Traten sie damit Schlimmeres los?
Gab es Schlimmeres als tote Kollegen?
Tote Kinder, huschte eine widerliche Vision durch seinen Verstand.
Er hatte seinen Passat erreicht und schwang sich auf den Fahrersitz. Es quietschte leise, tröpfelnd rann Wasser aus seiner Kleidung, lief in den Sitz und in den Fußraum.
Innerlich machte Rhode sich einen Vermerk, der Vollständigkeit halber nach Gemälden zu suchen, auf denen ein Massensterben festgehalten war. Er wollte mental vorbereitet sein, sollten der oder die Täter größenwahnsinnig werden.

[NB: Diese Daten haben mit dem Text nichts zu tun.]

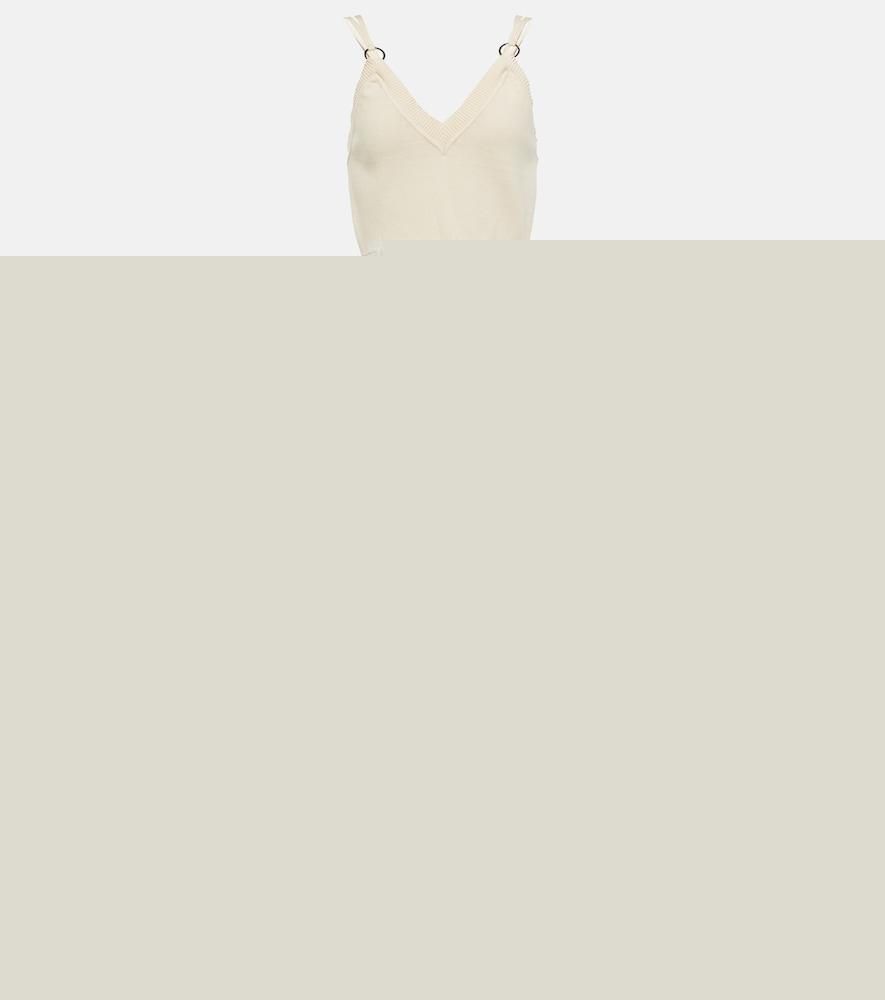 rabanne embellished knit midi dress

Das Anliegen seines Freundes Ares hatte er vollkommen vergessen.
***
Leipzig, Südleipzig, 24. November
Die erste offizielle Pressekonferenz wegen Robin Adler begann mit einem Schönheitsfehler, den Peter Rhode nicht hautnah miterlebte, weil er sich die Bilder von den Morden und den Originalen Millimeter für Millimeter anschaute, um endlich die Hinweise zu entdecken, die ihnen der Mörder versprochen hatte. Er wollte seine Zeit nicht verschwenden.
Der Polizeipräsident hatte ihm zwischen Tür und Angel ohne langes Brimborium gesagt, dass die SoKo vorerst weitermachte, solange sich die Aufmerksamkeit der Öffentlichkeit, der Medien und Wolkes auf den Festgenommenen konzentrierte.

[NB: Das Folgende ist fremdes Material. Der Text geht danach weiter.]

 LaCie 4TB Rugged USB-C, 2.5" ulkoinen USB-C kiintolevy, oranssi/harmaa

Schwedt befand sich auf Spurensuche mit Lackmann, sie fahndeten nach Überwachungskameras in der Umgebung der Tatorte. Solche zufälligen Aufnahmen konnten den dringend benötigten Durchbruch bringen, bevor sich die Presse von Adler abwandte und ganz offen nach dem wahren Täter fragte.